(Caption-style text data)
+===+
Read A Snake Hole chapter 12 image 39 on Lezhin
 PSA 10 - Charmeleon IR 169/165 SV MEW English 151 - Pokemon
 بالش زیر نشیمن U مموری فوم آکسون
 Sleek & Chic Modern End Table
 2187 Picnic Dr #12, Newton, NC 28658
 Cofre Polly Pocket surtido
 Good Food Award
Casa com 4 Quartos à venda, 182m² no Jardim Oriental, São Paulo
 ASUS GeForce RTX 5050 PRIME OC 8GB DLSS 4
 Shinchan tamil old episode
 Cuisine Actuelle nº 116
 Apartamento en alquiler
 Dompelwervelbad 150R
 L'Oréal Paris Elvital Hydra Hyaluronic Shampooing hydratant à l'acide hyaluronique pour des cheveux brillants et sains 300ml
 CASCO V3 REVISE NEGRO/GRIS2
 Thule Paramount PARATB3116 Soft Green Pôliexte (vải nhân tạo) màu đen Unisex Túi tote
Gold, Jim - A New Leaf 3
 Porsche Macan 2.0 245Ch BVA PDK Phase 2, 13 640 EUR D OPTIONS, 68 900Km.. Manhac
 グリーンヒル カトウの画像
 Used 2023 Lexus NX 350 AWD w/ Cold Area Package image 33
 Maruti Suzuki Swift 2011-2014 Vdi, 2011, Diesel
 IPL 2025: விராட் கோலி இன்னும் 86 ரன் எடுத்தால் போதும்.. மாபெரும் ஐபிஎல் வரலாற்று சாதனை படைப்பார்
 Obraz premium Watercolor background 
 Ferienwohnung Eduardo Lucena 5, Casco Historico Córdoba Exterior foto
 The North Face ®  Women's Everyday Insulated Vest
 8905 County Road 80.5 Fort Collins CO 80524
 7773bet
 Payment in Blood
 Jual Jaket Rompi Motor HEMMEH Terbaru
+===+
- Work instructions -
Check every line above for the word "image" and copy those that have it.

- Result of the exercise -
Read A Snake Hole chapter 12 image 39 on Lezhin
 Used 2023 Lexus NX 350 AWD w/ Cold Area Package image 33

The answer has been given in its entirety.